Friday, April 29, 2011

Slowly returning to "normal"

A dress I've owned for 6 years, and just now fit for the first time!
 
Well, Opening Night for my show has now officially come and gone and I am starting to feel human again.  Opening Nights for Broadway shows are always huge, stressful affairs that for those organizing the events (the management, of which I'm a part of...) its usually more work than its worth.  Picture trying to assign seats in a 1000 seat theater.  Everyone wants the best seats possible, of course, and don't understand why they aren't as important as others.   And then there is the party to organize and gifts to distribute.  It requires a lot of extra hours, and in my case, a few tears.  

I'll admit it.  On Tuesday, I got so stressed out I had to have a cleansing cry so that I could just purge my stress and move on.   Definitely worked, because on Wednesday, our actual Opening Night, I was pretty calm.  My box office told me it was one of the easiest Opening Nights they've worked and everyone had a lot of fun at the party, which is also a rarity.  Usually the party is a big stuffy affair in a hotel ballroom, or Tavern on the Green (when it was still open.)  Just an opportunity for rich investors to hob-nob with the celebrities.  Well, in our case we actually had our Opening Night at Bowlmor Lanes (yup, a bowling alley!) that opened across the street from our theater and was actually super swank inside.  The space was huge, had tons of lanes and it was a blast to see everyone dressed up and then wearing bowling shoes!  Of course, it doesn't hurt that everywhere I turned everyone was telling me how great I looked.  Compliments are NEVER a bad thing!  :)

Tonight was pretty much my first night off since the craziness of Opening Night began and boy was it nice to start to feel like myself again!  I came home, made a quick dinner and then relaxed for an hour or so.  Then after remembering that the gym closed earlier tonight than during the week, I threw on some gym clothes and was out the door.  I wasn't able to work out for as long as I wanted, but it was just nice to work up a sweat again.  I haven't worked out for over a week and I was starting to feel really gross about myself.  But I have tomorrow off and since its supposed to be nice, I might go run outside.  Then on Sunday, I have to be at the theater for our matinee and evening show, but I was thinking I would go to the gym by my office and try out the pool.  We'll see how it goes!
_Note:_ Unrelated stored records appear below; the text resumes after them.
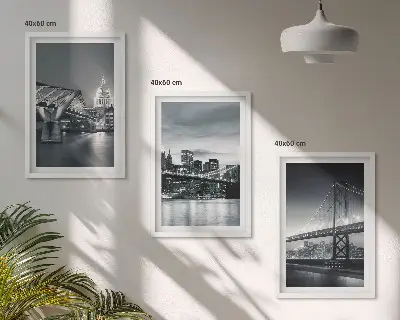 Kompozycja obrazów na ścianę mosty i architektura miast w odcieniach szarości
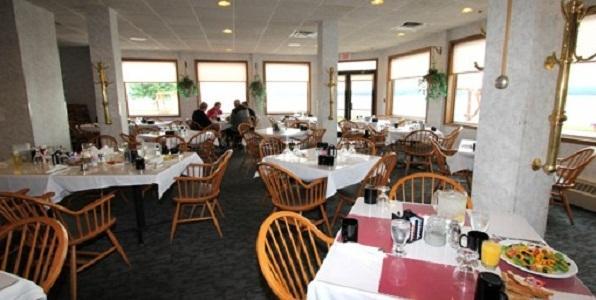 Baraga Lakeside Inn Bagian luar foto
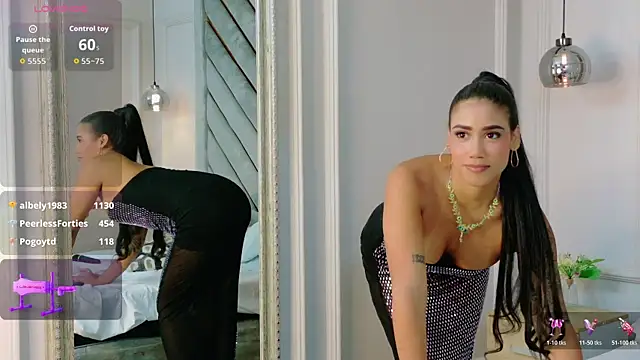 Salome Diaz  online show from March 26, 2026, 4:34 pm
As you probably noticed (or maybe not...) I didn't weigh in this week because with the stress of Opening Night also comes the loss of time to cook for myself and therefore was eating out much more than normal.  I didn't eat great, and I honestly just didn't want to see the effect it had on the scale.  I know I've said this for a while now, but it's truly time for me to get back on track.  If I want to ever get out of the 250s I need to start tracking every single thing that goes into my mouth again, and exercising at least 4 times a week.    It's what helped me lose almost 60 pounds and it needs to help me lose 50 more.  I need to find my drive again and relight my fire.  Find my inspiration and stop being complacent.  I need to do this for me again...  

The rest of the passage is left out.